Question prompted by another thread (Angels) 

(Of course doesn't apply to exes where children are involved) 

I had exes all over my marriage ( 15 yrs ) The 'exes' always 'stayed' even if non romantically . She would just not let them go.

It always felt like there was a reignition waiting to happen 

Maybe my insecurity but of course my very stbx could have just said 'no for the benefit of my husbands peace of mind I'll sever any and all connections with any exes'

But she didn't and it remained for me something always ready to go again. Even if it didn't re-happen it never felt right, never felt 'safe'.
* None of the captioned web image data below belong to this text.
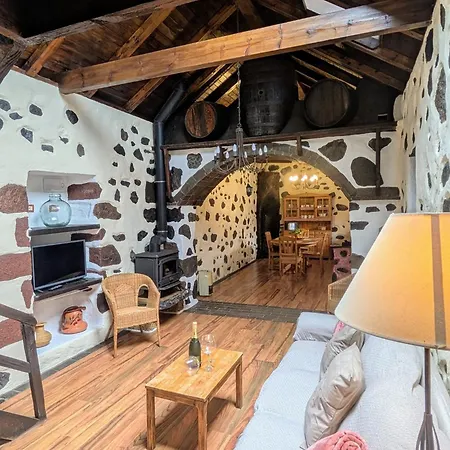 Holiday home Chc - Del Herrero *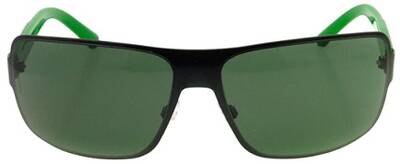 Emporio Armani 2005 3014/71 Black Metal Sunglasses 61mm
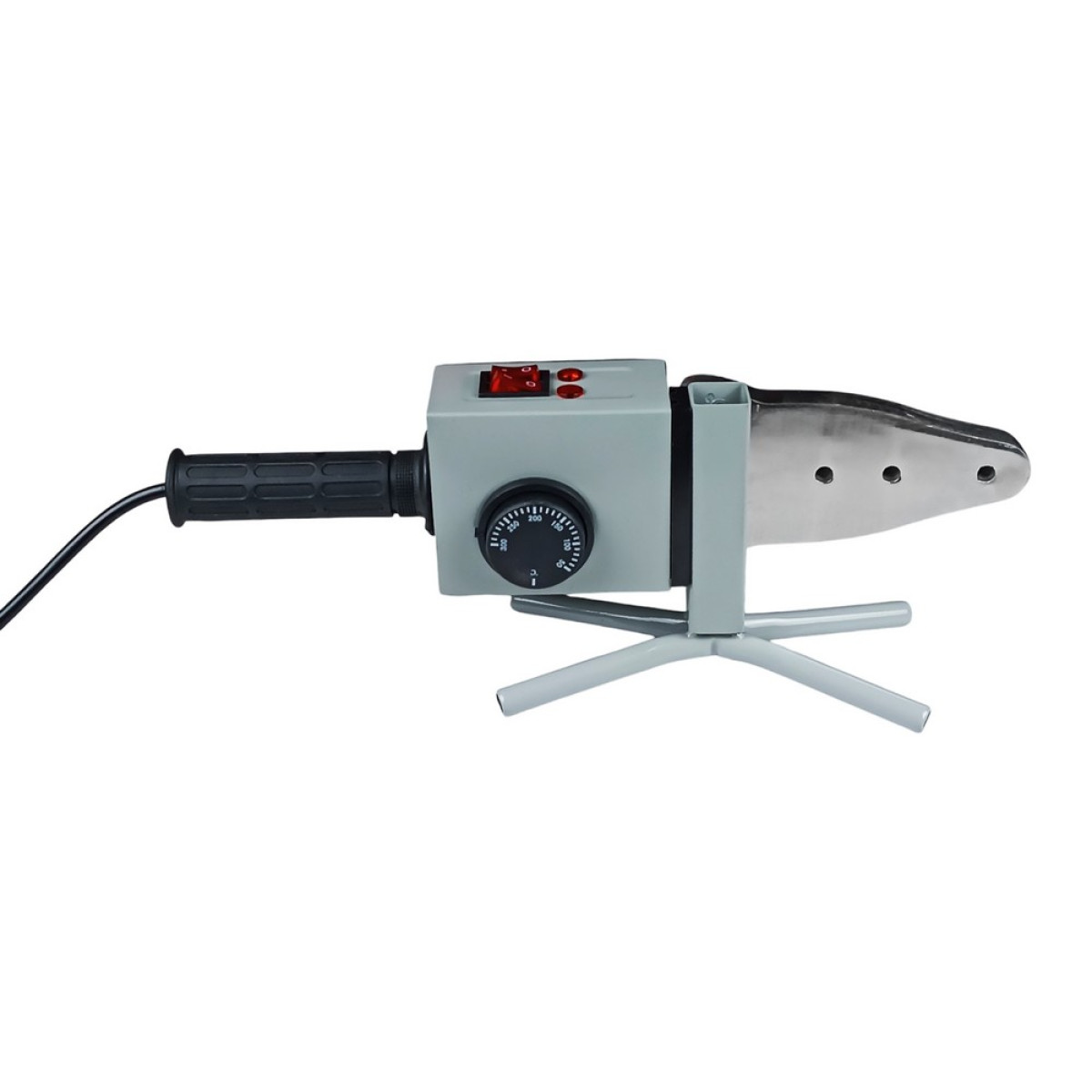 FORTE WP6320 Паяльник для пластиковых труб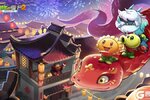 《植物大战僵尸2》时空之旅再次启航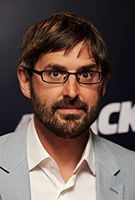 Profile picture of Louis Theroux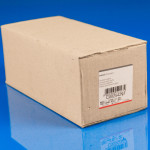 Плата управления для стиральной машины EVOII Indesit (без прошивки) C00254297, оригинал (C00254297)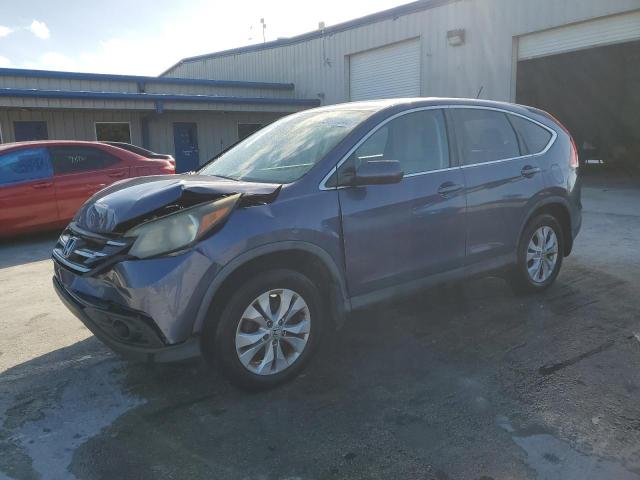 2014 HONDA CR-V EX #3027281284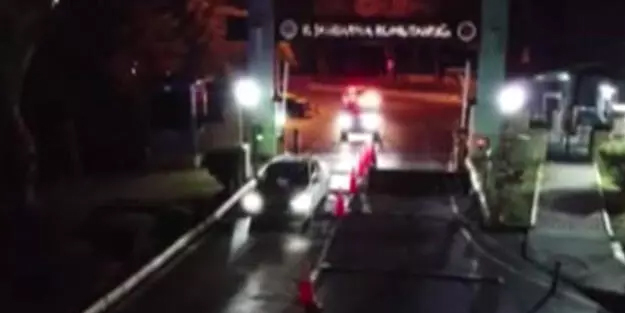 İstanbul bölge halkı güvende! Onlar kötü kayaya çarptı: Terör operasyonu ile şehirde çok sayıda gözaltı var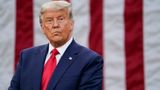 Trump Has Granted Fewer Pardons, Commutations Than Previous Presidents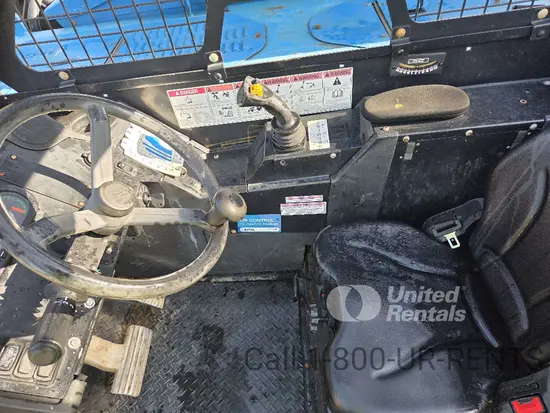 2018 Genie GTH-844 Forklift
Maybe it's my insecurity just resurfacing but this always felt intrinsically wrong to me

I would never inflict this upon any woman I was with in a serious relationship. I know deep down it's undermining, constant contact with an ex

Many friends and family agree but maybe they are just being supportive 

I can't believe for a second anyone is 'okay' with this


----------



## F-102 (Sep 15, 2010)

Exes have NO PLACE in a marriage. Look up all the other "my wife cheated"-type threads, and 99% of them started when the W reconnected with an ex.


----------



## darklilly23 (May 26, 2013)

Hey yah um my stbxh went from being "just friends with a old flame" to flying up there to bonk her to soon moving in with her in 3.5 months and he blames it on me. " if darklilly had not had a problem with me remaining friends with this ex I would not have wanted to bonk ow again"

It makes you feel crazy...
_Posted via Mobile Device_


----------



## illwill (Feb 21, 2013)

When i started re-dating, ex boyfriends as friends was a huge red flag. I simply never saw those girls again.


----------